**Task statement**.
Hunt for the word "Pink" across the entries below, copying each line that holds it.

- Opening Delimiter -

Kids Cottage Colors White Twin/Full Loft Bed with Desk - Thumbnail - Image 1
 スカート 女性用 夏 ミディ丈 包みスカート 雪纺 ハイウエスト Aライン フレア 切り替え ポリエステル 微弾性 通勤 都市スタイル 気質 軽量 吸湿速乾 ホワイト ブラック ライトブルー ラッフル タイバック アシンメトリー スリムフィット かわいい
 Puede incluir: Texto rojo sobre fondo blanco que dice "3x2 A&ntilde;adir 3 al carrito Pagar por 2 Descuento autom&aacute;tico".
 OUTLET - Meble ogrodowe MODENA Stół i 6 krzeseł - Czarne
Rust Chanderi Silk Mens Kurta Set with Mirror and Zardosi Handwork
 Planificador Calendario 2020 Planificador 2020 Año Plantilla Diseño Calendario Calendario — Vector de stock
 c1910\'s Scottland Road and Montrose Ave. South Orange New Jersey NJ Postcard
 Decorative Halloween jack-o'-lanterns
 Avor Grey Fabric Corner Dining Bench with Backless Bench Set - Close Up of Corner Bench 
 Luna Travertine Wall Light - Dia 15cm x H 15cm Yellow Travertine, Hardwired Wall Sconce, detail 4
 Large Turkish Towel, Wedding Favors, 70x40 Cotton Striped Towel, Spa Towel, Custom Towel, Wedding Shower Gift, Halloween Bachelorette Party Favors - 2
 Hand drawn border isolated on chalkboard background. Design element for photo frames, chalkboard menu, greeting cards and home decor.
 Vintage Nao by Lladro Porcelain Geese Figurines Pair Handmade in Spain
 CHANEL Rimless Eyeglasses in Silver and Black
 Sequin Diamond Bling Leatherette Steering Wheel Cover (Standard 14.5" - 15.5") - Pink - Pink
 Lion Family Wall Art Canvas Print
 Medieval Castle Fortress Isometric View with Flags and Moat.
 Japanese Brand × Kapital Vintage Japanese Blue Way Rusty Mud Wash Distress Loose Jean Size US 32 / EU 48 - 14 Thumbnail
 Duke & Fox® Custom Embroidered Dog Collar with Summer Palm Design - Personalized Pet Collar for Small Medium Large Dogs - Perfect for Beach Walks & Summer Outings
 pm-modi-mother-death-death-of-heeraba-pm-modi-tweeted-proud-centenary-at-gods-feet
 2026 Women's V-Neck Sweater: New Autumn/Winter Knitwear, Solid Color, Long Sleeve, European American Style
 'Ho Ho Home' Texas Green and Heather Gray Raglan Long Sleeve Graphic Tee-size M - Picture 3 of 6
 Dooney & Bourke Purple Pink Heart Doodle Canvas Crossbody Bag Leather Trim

- Closing Delimiter -

**Solution to the exercise**.
 Sequin Diamond Bling Leatherette Steering Wheel Cover (Standard 14.5" - 15.5") - Pink - Pink
 Dooney & Bourke Purple Pink Heart Doodle Canvas Crossbody Bag Leather Trim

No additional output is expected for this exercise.